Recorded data

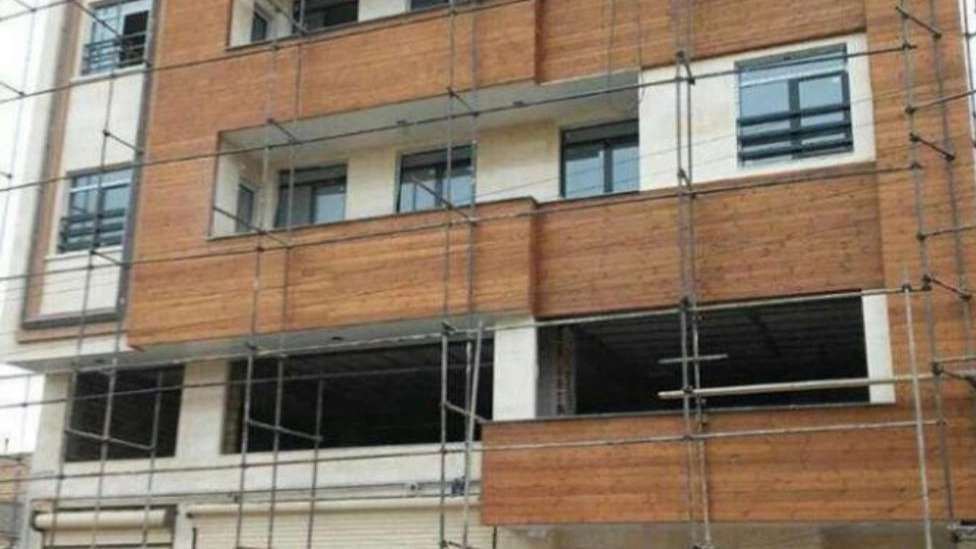 Safety metal scaffolding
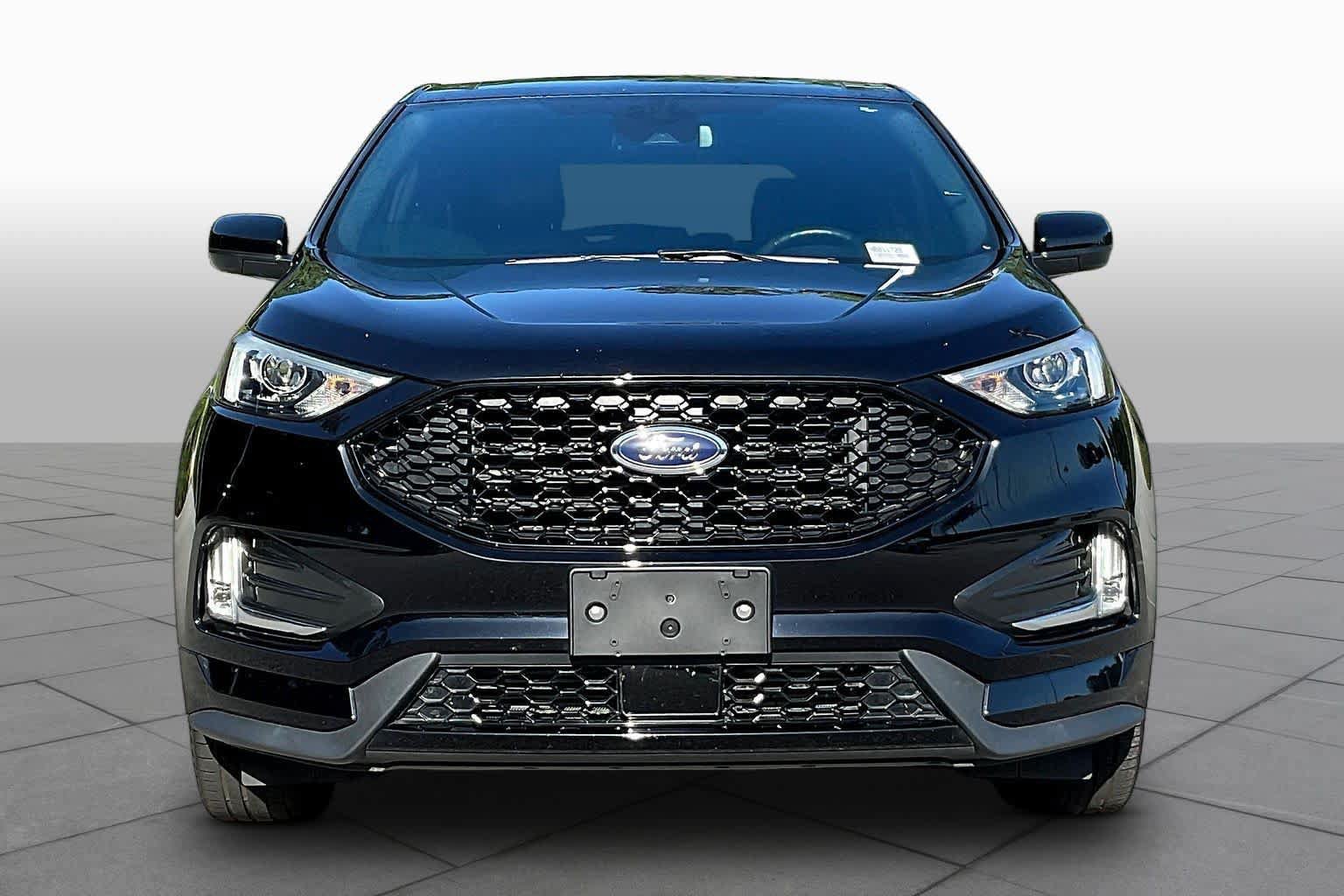 Used 2022 Ford Edge ST-Line w/ Class II Trailer Tow Package AWD/4WD image 7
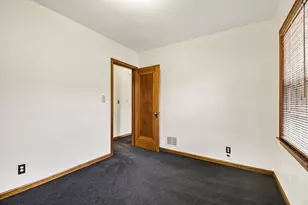 623 E Central Ave, Zeeland, MI 49464 - Photo 13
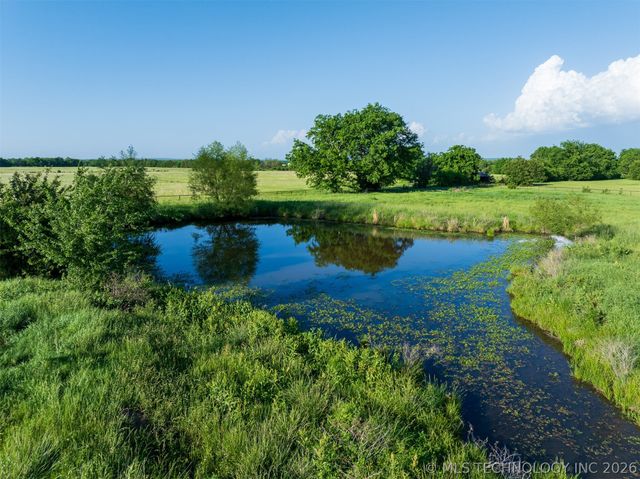 5874 E 273rd Street S, Porum, OK 74455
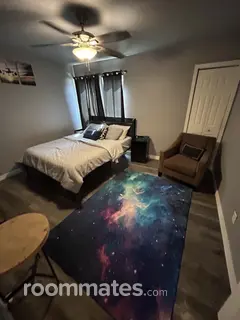 Room for rent in Dallas, TX $800, townhouse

Exercise instructions —
Copy out, exactly and without pictures, each line from the one containing "623 E Central" through the final line of the entries, both ends included.

Response area —
 623 E Central Ave, Zeeland, MI 49464 - Photo 13
 5874 E 273rd Street S, Porum, OK 74455
 Room for rent in Dallas, TX $800, townhouse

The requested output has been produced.